Campbell’s story should not be read as a “boot-straps story,” Pratt said, but rather his story should inspire “because he failed in America—so many do.”

“Look to when we [Irish] were strangers, to when we too failed. When we were not met with compassion,” he said. “But we are not held to this past.”

He noted that St. Patrick was also a stranger, “marked by difference” as an English slave with a foreign religion. As the Irish welcomed St. Patrick, and America eventually welcomed the Irish, Pratt said it’s the responsibility of the Irish to continue to make strangers feel at home.

“We have been storytellers. Scholars. Soldiers. But most importantly, we have been strangers. And it is our solemn duty and honored privilege to welcome those foreign to us, for we share a common past,” he said. “So, if, as they say, on St. Patrick’s Day everyone is Irish, then, well, everyone is or has been born of a stranger.

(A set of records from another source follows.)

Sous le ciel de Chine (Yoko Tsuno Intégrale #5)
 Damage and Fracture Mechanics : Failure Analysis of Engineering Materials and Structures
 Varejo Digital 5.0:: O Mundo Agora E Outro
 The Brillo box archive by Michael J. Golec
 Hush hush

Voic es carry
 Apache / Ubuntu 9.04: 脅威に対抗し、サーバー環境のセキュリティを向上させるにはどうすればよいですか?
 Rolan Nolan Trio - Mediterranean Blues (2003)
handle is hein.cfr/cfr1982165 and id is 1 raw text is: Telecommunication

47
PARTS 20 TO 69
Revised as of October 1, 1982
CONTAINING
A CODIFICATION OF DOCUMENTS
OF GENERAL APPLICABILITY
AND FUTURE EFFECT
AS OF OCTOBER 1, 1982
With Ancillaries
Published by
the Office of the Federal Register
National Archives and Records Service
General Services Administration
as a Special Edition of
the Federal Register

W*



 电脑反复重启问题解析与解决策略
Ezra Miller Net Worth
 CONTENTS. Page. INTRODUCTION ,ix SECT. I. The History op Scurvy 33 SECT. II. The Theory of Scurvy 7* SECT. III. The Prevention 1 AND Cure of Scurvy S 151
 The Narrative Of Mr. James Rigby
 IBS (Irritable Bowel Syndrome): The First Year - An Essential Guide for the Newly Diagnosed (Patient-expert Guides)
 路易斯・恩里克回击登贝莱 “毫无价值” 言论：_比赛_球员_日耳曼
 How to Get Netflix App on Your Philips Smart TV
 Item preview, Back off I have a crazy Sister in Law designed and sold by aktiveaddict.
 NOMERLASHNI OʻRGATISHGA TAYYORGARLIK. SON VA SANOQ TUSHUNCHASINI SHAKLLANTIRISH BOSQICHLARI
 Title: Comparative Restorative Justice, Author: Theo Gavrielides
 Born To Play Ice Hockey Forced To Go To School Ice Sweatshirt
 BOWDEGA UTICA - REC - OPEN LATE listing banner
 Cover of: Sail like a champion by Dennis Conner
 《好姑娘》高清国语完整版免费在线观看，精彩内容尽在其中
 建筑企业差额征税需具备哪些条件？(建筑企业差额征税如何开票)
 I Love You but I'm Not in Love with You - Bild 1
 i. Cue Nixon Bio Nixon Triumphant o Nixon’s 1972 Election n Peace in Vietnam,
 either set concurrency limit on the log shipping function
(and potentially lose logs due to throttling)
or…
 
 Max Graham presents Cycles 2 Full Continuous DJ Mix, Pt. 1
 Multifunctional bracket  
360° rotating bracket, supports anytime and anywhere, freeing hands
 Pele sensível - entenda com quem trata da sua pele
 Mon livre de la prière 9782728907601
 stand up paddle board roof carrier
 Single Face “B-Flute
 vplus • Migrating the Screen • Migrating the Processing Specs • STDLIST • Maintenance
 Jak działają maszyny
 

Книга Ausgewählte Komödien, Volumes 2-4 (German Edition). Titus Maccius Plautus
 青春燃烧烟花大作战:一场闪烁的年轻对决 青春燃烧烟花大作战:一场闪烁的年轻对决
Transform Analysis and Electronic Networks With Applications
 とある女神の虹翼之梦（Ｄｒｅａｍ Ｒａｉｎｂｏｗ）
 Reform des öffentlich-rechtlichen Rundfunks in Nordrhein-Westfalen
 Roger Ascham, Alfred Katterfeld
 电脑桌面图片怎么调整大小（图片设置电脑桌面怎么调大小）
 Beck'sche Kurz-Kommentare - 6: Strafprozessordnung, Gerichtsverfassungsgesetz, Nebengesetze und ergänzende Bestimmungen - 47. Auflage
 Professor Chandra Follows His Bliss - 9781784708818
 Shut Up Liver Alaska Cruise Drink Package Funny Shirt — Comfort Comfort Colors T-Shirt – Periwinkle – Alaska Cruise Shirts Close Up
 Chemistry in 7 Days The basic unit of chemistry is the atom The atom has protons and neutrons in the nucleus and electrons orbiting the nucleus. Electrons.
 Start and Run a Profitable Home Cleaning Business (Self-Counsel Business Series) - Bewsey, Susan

And I pray that none of us feel like it.”

Strangers Welcome Among Us

Father McShane underscored Pratt’s point that strangers often enhance their newfound homes, sometimes shifting the culture.

“St. Patrick was a stranger, but he created a culture a culture of charity, a culture of respect for others, and a culture that was at its heart prayerful, that knew that the Lord was a stranger, and that we were all strangers,” he said. “But it is in giving [to strangers]that we derive our greatest joy.”

Later, while waiting for the 258th marching of the parade to start, Tara Maney, FCRH ’91 and Tammy Maddalla, FCRH ’89, pondered what it is to be Irish and a Fordham Ram.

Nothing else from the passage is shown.